**Data to use:**

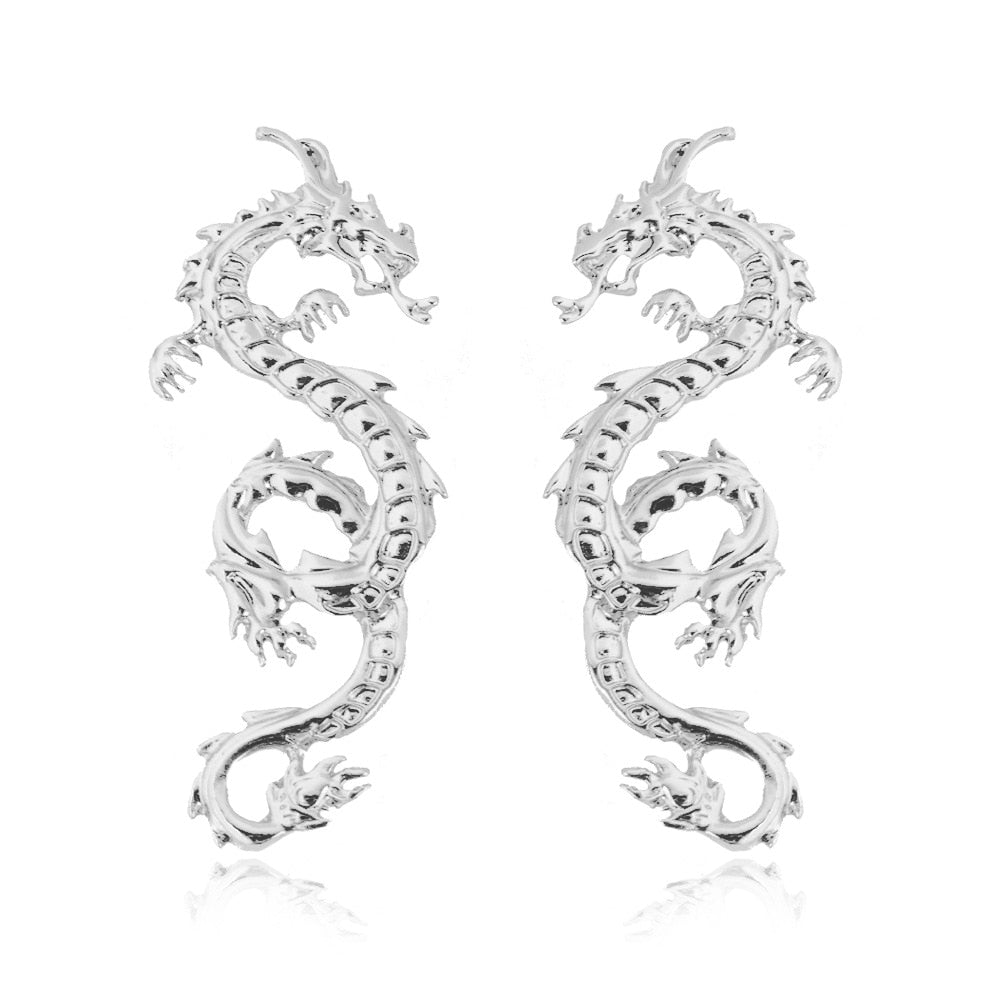 Flying Dragon Drop Earrings Women Travel Fashion Cartoon Earrings Creative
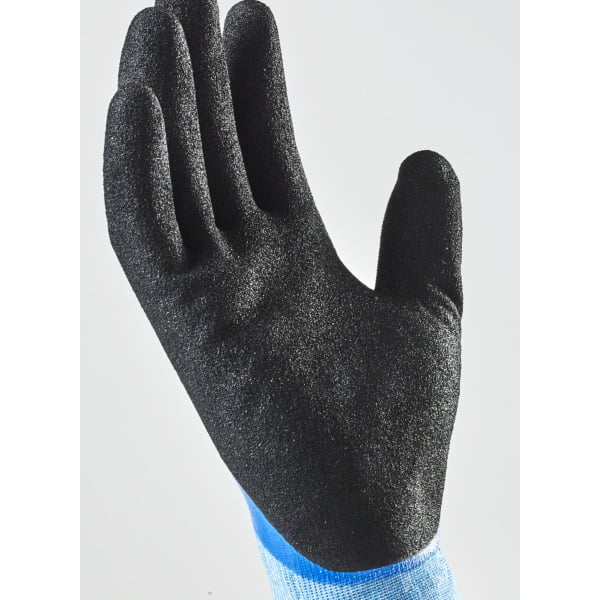 Mănuși de protectie TEGERA 737, imersate complet, cu strat dublu de nitril, pentru manipulări in medii umede si uleioase, certificat OEKO-Tex, Standard 100, pentru asamblare, vopsire, constructii, instalatii HVAC etc.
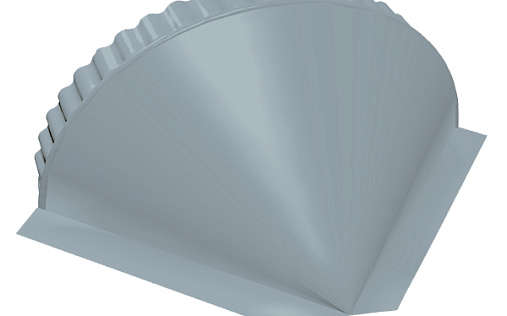 Малая конусная заглушка Grand Line с покрытием Полиэстер 0,45 мм RAL 7004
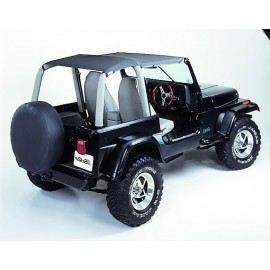 Bâche Bikini Safari Charcoal Bestop Jeep Wrangler YJ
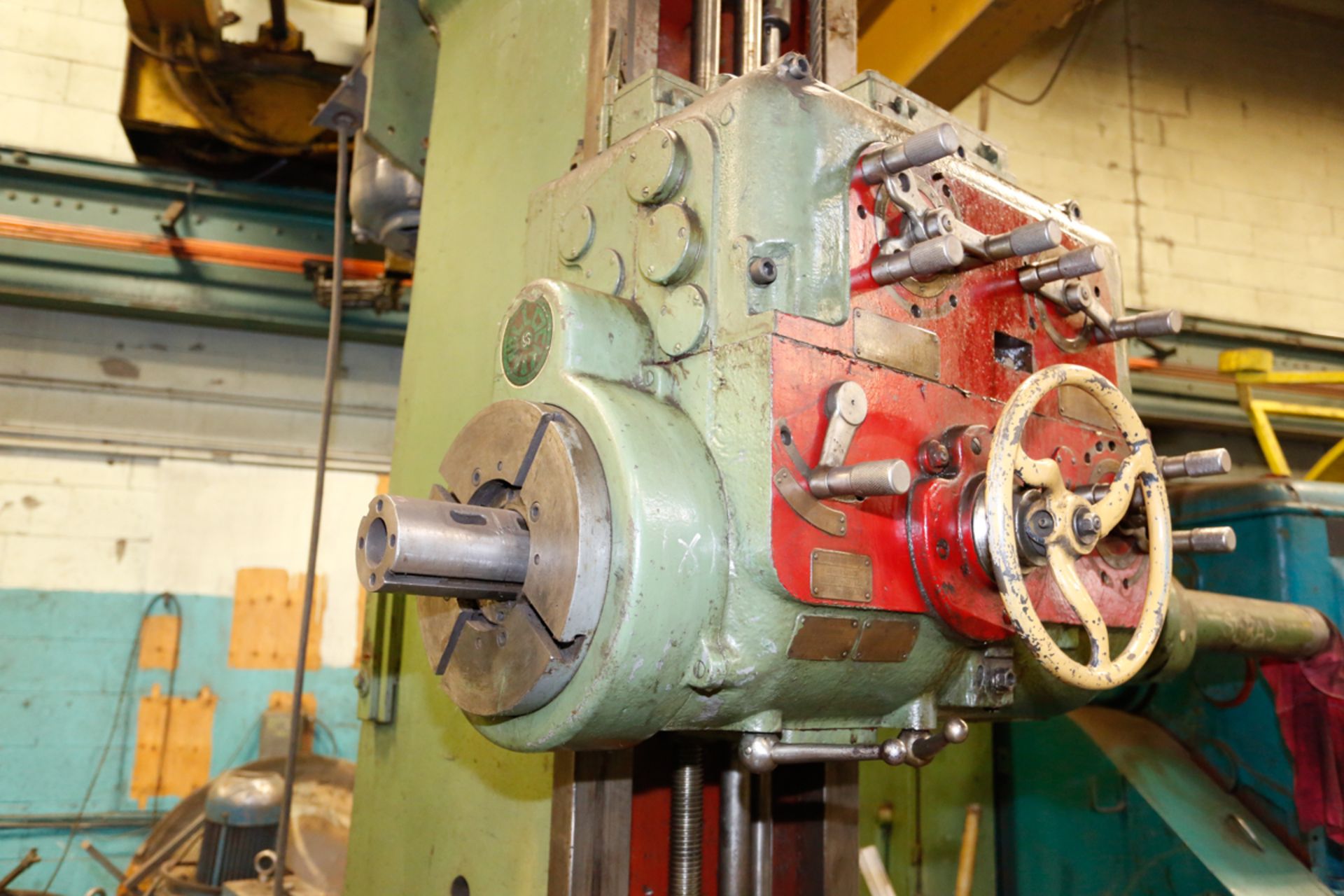 LANDIS HORIZONTAL BORING MILL SIZE 35, 96" ROTARY TABLE, S/N: 550 - Image 4 of 6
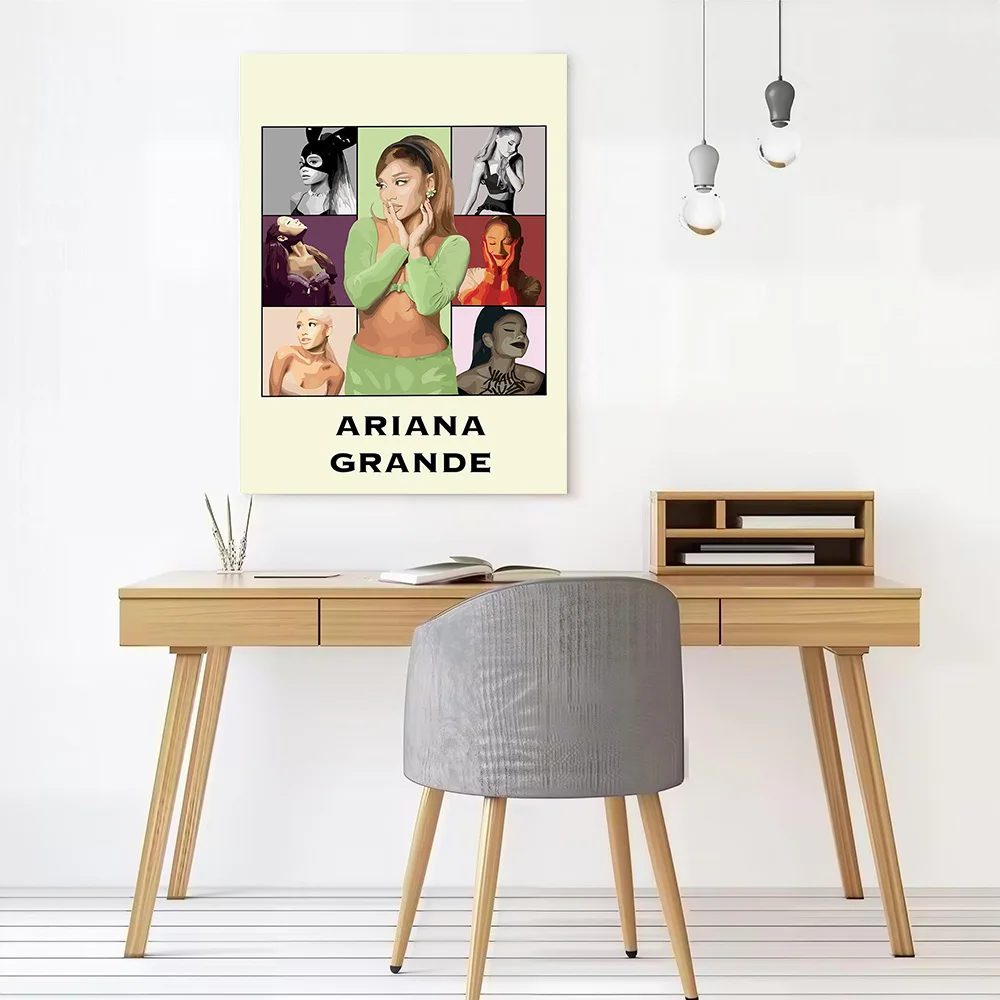 Ariana Grande Canvas Poster Wall Art Customizable High Quality Printed Picture for Decoration Living Room Decorating Interior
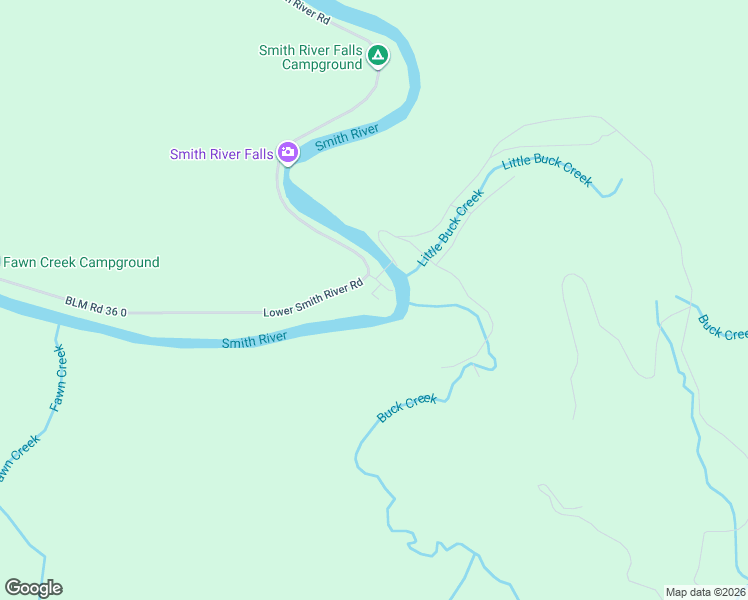 map of restaurants, bars, coffee shops, grocery stores, and more near 27285 Lower Smith River Road in Reedsport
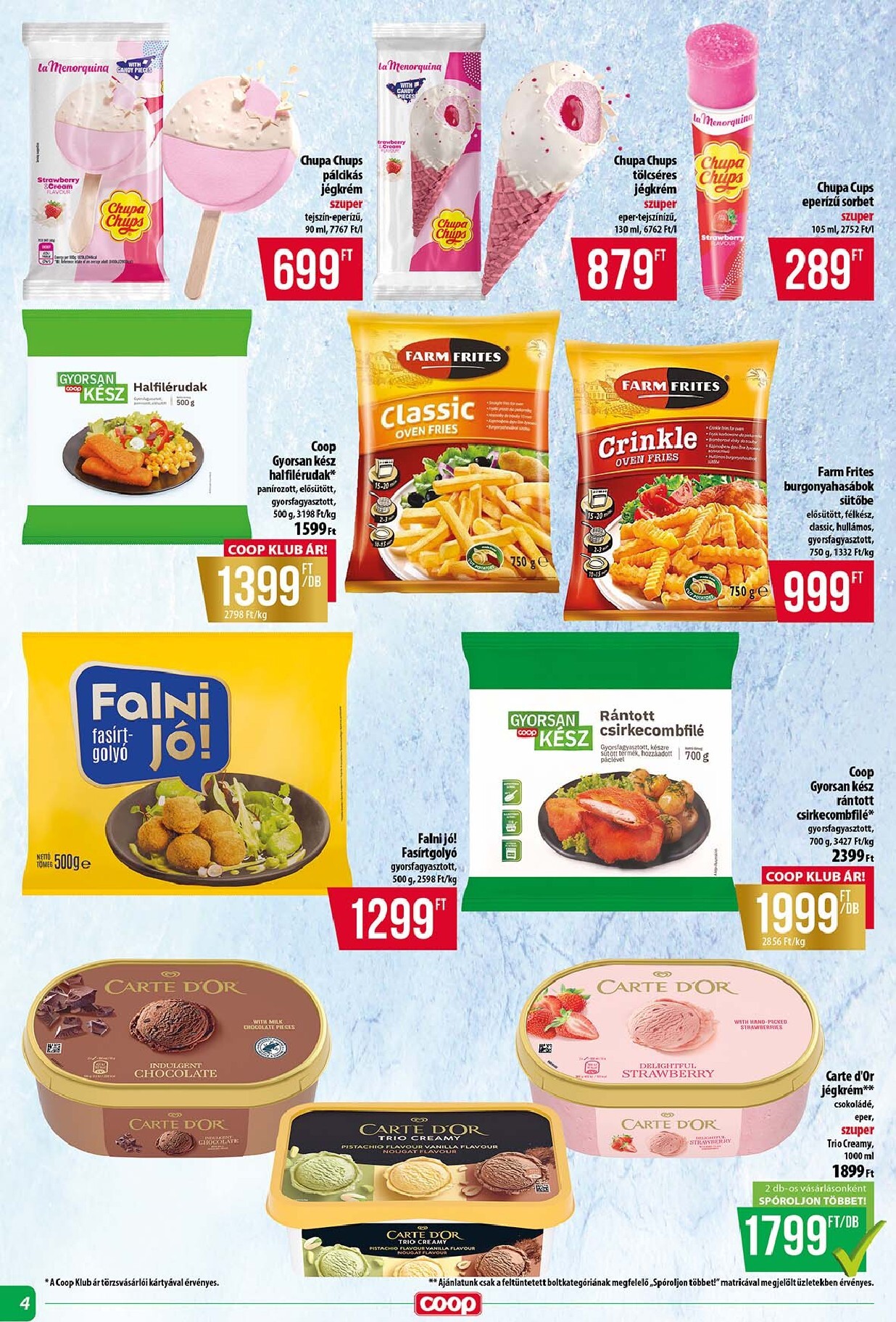 coop - A jövőbeli Coop - Tisza - Abc-Szuper akciós újság csütörtöktől 2026.05.14.-tól szerdától 2026.05.20.-ig érvényes. - page: 4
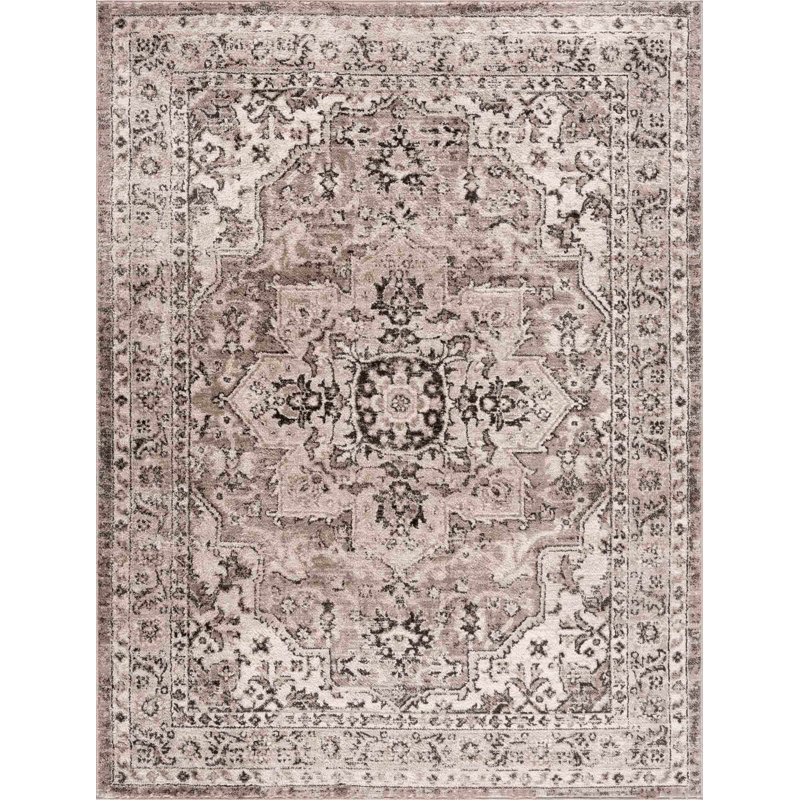 Jascha Moroccan Beige/Brown Area Rug, Rectangle 2' x 3'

**Task statement:** Your copy of the records must match them exactly, except that no pictures appear in it.

**Exercise output:**
 Flying Dragon Drop Earrings Women Travel Fashion Cartoon Earrings Creative
 Mănuși de protectie TEGERA 737, imersate complet, cu strat dublu de nitril, pentru manipulări in medii umede si uleioase, certificat OEKO-Tex, Standard 100, pentru asamblare, vopsire, constructii, instalatii HVAC etc.
 Малая конусная заглушка Grand Line с покрытием Полиэстер 0,45 мм RAL 7004
 Bâche Bikini Safari Charcoal Bestop Jeep Wrangler YJ
 LANDIS HORIZONTAL BORING MILL SIZE 35, 96" ROTARY TABLE, S/N: 550 - Image 4 of 6
 Ariana Grande Canvas Poster Wall Art Customizable High Quality Printed Picture for Decoration Living Room Decorating Interior
 map of restaurants, bars, coffee shops, grocery stores, and more near 27285 Lower Smith River Road in Reedsport
 coop - A jövőbeli Coop - Tisza - Abc-Szuper akciós újság csütörtöktől 2026.05.14.-tól szerdától 2026.05.20.-ig érvényes. - page: 4
 Jascha Moroccan Beige/Brown Area Rug, Rectangle 2' x 3'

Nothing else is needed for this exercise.